Vanska's Sibelius cycle - $8. Another robbery that keeps me looking over my shoulder. 

:tiphat:


----------



## ahammel (Oct 10, 2012)

I can't say as I've ever bought any classical music from Queens Park Rangers.


----------



## brotagonist (Jul 11, 2013)

Quality/Price Ratio influences every purchase I make.

Paying a high price does not guarantee high quality; paying a low price does not guarantee low quality. Labels and date of album release play a significant role in the price. Small labels are almost always much more expensive and they usually do not have the well-known performers, so they tend to focus on specialty areas. Major labels tend to be more reasonably priced and they have the big-name stars. Newly released albums are more expensive, but not always the best version; reissued albums of yesterday are less expensive, but not always of lesser quality.

There are many factors that determine how much I will pay for a composition that I want to collect. How well do I know the composer? Is the composer a favourite composer? How well do I know the composition? Am I seeking an initial 'I want to get to know it' version? Or am I seeking a 'I love this work and want the ultimate performance' version as a replacement or comparison to the version I already have? This helps me determine the approximate price range I am aiming for.

Then, I start looking online at the various albums that contain the work I want to add to my collection. Does it take up the entire album? Or is it packaged together with other works? Can I accept the number two choice, if I get a better selection of works on the album, or must I have the best version of the one piece no matter what else is on the album? Is the work offered by the major labels in an economical reissue? Or am I forced to select from expensive new releases or fringe labels?

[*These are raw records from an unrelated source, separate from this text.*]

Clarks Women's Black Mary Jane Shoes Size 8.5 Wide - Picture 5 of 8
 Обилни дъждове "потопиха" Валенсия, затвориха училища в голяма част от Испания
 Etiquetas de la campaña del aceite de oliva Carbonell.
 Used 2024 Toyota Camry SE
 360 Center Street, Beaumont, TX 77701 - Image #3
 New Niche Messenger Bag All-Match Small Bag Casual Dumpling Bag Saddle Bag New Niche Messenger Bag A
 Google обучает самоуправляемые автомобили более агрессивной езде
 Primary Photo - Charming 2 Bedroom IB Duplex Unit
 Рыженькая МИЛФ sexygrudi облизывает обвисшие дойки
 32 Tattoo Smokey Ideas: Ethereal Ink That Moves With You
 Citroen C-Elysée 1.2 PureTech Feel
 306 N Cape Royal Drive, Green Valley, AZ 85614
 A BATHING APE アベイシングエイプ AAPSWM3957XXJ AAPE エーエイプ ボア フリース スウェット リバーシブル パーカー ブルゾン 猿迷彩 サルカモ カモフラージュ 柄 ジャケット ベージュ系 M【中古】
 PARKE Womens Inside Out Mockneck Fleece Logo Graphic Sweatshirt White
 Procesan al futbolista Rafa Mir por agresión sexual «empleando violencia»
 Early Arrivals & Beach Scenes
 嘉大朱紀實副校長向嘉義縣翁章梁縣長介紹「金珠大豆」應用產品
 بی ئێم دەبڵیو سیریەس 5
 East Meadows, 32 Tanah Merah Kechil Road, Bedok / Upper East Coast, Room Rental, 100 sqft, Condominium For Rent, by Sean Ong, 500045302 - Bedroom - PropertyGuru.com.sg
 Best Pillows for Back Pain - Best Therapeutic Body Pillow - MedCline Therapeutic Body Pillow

Are there certain performers I am familiar with that might influence my choice? Perhaps I would prefer more of their albums; perhaps I would prefer having other performers represented in my collection, too.

By now, I likely have narrowed my choice down to 2-3 albums that are all relatively equally attractive. What to do? Normally, I want a new album. Are there any very good used copies available for more than $2-$3 less than a new copy? Would this bring a more expensive album I had been forced to reject within my target price range?

Perhaps I am unable to reach a decision, so I might read a few reviews. Do they influence my decision? Or do I want to stick with my choice, no matter what they say? Most of the time, this is what I want, but sometimes the reviews are just so convincing.

I can now make my choice. And at the last instant, my gut feeling might override all of the logic. The final QPR is based on all of these factors.


----------



## techniquest (Aug 3, 2012)

The Barshai Shostakovich symphony set has to be the best qpr purchase for anyone looking for a complete Shostakovich set bought new from just about anywhere. 
Personally I think the Neuhold Ring cycle is damned good value too - it's also cheap everywhere and, although no Solti, is defintely not rubbish.


----------



## Chi_townPhilly (Apr 21, 2007)

ahammel said:


> I can't say as I've ever bought any classical music from Queens Park Rangers.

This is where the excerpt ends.